§ PROBLEM DETAILS:
Could you restate word for word the lines running from the one with "Senior Bauer Vapor" to the end of the data, both ends included, but without pictures?

§ DATASET EXCERPT:
--*--

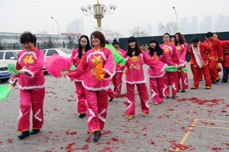 庆元宵佳节 展恒运风采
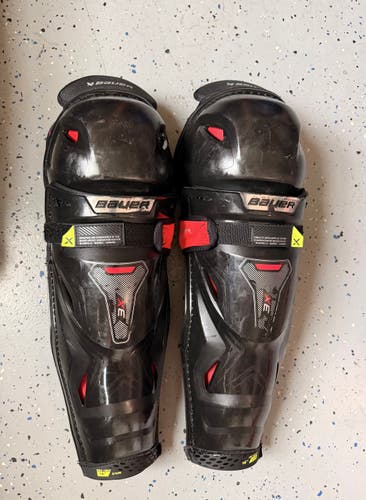 Senior Bauer Vapor 3X 16" Shin Pads (Used)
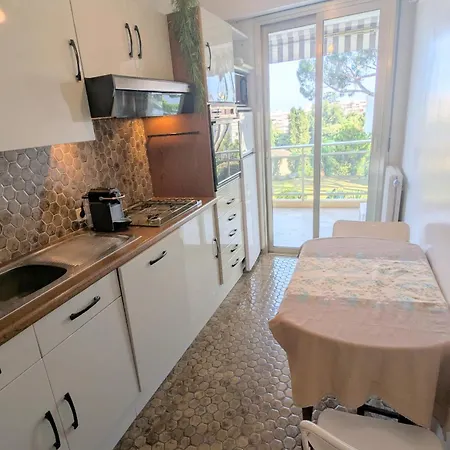 Ref Colline By Palmes D Or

--*--

§ ANSWER TO THE PROBLEM:
 Senior Bauer Vapor 3X 16" Shin Pads (Used)
 Ref Colline By Palmes D Or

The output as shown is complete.